ABOUT THIS TASK ▸ Would you retype exactly the lines below, starting with the one that has "Jamie and Libb" and going on through the one that has "И Pupitre Kindertisch", with no pictures and nothing else?

DATA TO PROCESS ▸

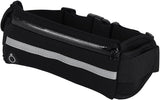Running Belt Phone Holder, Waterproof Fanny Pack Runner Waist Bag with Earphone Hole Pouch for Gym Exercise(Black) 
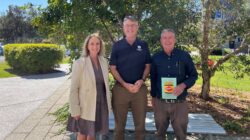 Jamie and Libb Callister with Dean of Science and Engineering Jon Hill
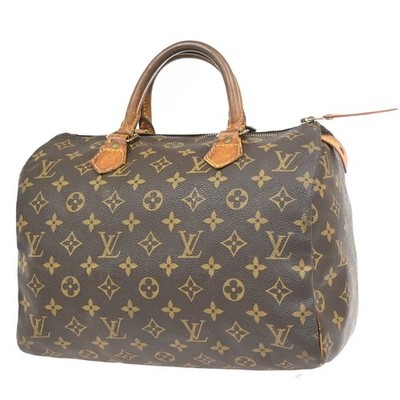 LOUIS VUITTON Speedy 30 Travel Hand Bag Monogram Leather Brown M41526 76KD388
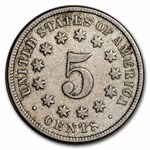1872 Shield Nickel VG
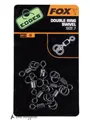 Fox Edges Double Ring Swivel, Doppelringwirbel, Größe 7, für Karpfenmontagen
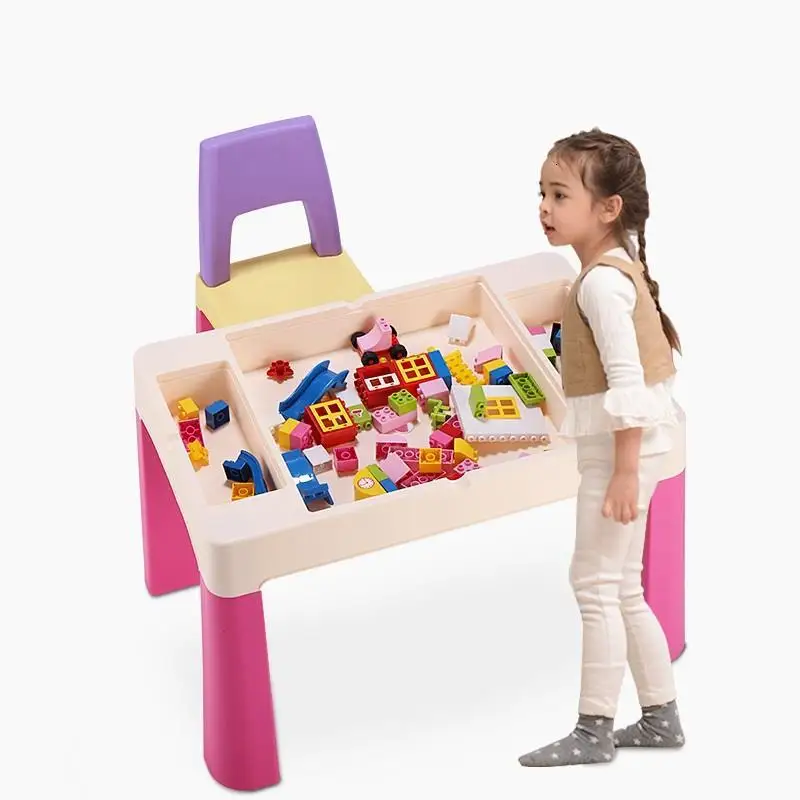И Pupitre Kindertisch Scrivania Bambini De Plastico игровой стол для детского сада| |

...

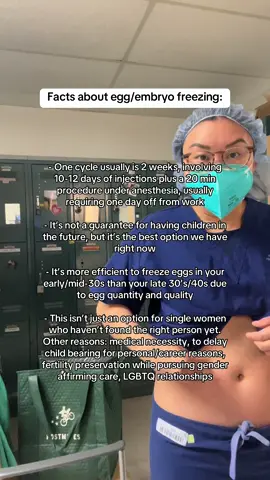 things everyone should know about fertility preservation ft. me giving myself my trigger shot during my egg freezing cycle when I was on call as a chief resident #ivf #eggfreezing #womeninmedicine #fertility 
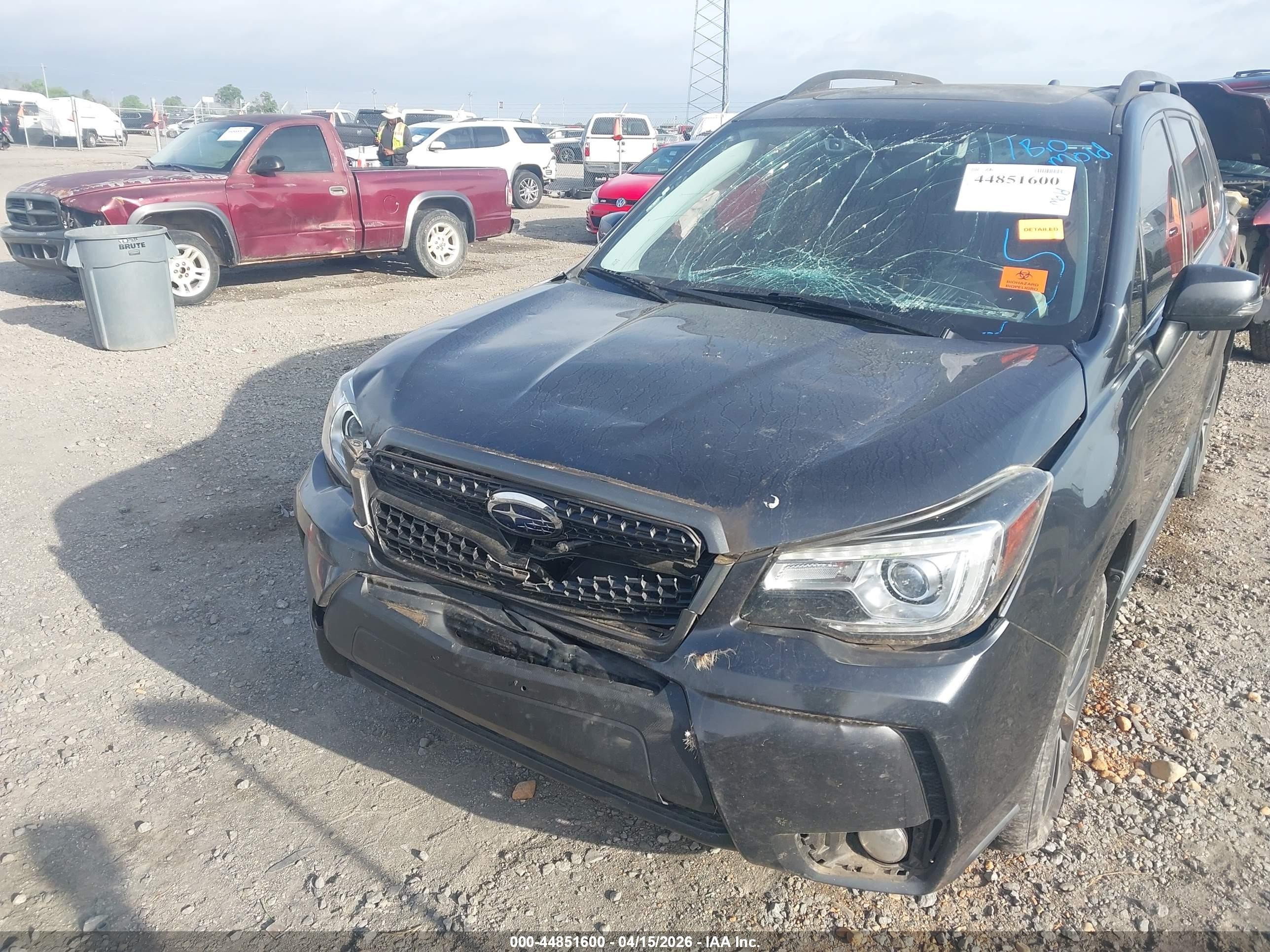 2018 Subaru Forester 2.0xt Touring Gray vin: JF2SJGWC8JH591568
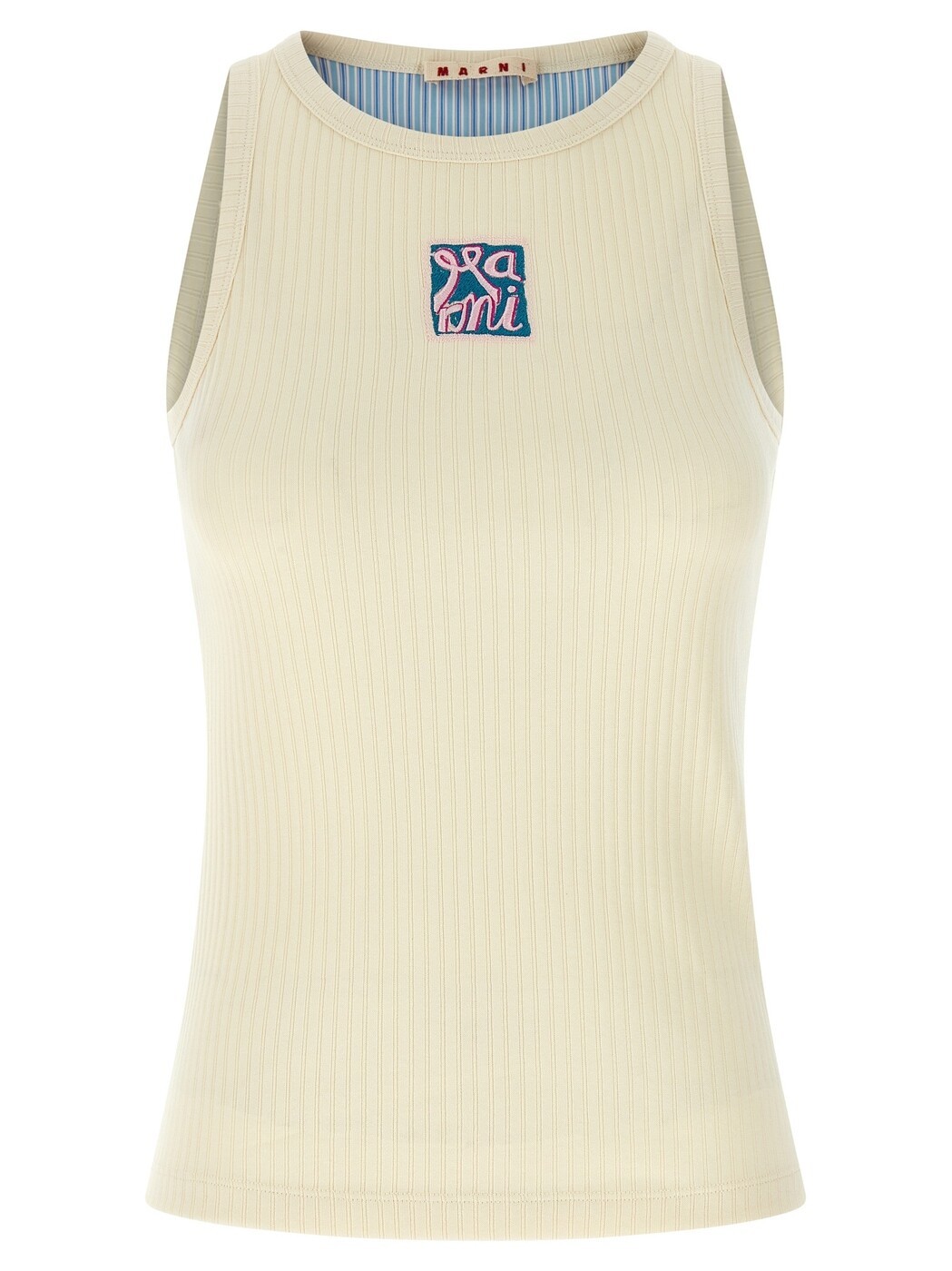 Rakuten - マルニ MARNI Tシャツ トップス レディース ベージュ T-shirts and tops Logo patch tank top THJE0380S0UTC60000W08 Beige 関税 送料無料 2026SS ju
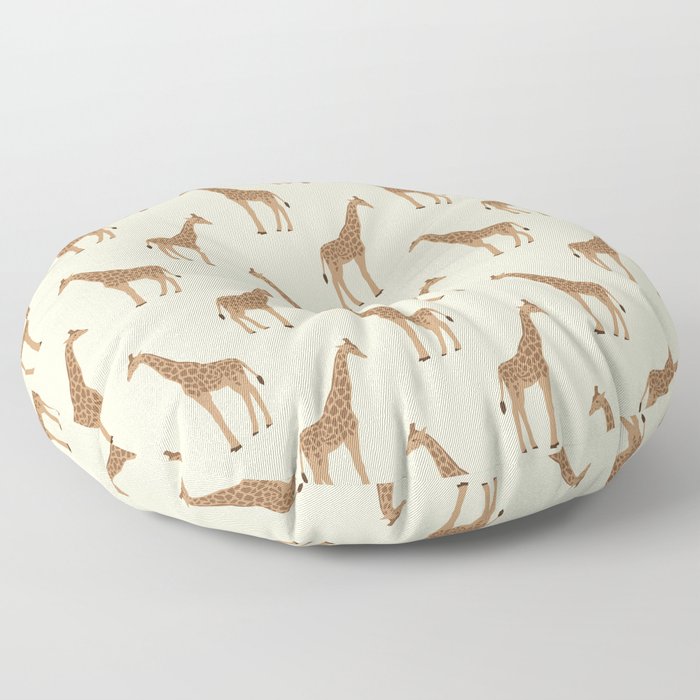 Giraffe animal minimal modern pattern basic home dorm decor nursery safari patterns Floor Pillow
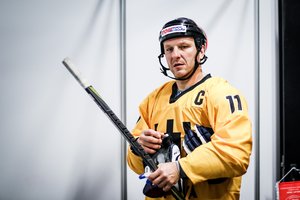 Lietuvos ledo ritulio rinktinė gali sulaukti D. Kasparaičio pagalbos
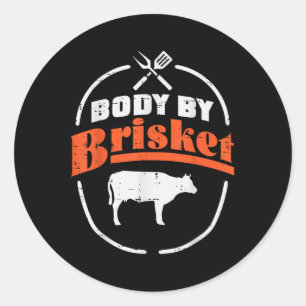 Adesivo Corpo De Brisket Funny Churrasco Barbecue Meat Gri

OUTPUT ▸
 Jamie and Libb Callister with Dean of Science and Engineering Jon Hill
 LOUIS VUITTON Speedy 30 Travel Hand Bag Monogram Leather Brown M41526 76KD388
1872 Shield Nickel VG
 Fox Edges Double Ring Swivel, Doppelringwirbel, Größe 7, für Karpfenmontagen
И Pupitre Kindertisch Scrivania Bambini De Plastico игровой стол для детского сада| |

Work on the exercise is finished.